> **What to do**: If a line in the data below contains the word "that", copy it out.

> **Available data**:
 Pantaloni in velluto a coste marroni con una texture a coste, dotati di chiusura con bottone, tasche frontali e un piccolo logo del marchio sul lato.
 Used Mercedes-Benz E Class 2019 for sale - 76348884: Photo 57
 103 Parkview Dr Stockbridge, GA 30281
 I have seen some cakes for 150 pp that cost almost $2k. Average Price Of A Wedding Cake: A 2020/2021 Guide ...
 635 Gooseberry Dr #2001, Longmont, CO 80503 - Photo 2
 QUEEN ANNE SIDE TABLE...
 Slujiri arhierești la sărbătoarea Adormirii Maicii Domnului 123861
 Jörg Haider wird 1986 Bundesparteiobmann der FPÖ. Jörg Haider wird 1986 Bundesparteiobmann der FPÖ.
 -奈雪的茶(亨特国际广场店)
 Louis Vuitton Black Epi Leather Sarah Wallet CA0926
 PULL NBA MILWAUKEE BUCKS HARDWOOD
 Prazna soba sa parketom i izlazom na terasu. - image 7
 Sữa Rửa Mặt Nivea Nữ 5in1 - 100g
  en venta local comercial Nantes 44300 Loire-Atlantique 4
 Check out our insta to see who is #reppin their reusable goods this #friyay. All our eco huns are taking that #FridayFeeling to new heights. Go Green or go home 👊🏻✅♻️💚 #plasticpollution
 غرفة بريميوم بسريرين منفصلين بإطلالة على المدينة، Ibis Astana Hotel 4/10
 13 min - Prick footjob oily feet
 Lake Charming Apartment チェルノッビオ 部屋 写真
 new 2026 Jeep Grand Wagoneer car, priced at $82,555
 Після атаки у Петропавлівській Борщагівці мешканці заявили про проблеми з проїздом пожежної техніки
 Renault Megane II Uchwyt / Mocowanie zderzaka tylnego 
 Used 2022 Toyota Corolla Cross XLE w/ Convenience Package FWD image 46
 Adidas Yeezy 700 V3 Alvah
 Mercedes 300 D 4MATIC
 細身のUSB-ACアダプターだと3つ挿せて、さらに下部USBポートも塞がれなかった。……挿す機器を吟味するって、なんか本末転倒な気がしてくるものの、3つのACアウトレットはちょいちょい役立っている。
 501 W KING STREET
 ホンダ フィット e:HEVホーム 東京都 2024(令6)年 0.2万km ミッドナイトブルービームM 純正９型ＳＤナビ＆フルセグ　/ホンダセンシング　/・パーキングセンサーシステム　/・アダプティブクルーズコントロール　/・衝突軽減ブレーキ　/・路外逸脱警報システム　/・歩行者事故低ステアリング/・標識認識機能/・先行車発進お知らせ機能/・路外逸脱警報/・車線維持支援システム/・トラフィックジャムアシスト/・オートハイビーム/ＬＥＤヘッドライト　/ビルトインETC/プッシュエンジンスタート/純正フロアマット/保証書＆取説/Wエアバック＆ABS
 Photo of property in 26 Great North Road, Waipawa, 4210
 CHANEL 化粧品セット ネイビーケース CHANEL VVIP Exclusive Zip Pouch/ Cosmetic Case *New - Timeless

> **Completed task**:
 I have seen some cakes for 150 pp that cost almost $2k. Average Price Of A Wedding Cake: A 2020/2021 Guide ...
 Check out our insta to see who is #reppin their reusable goods this #friyay. All our eco huns are taking that #FridayFeeling to new heights. Go Green or go home 👊🏻✅♻️💚 #plasticpollution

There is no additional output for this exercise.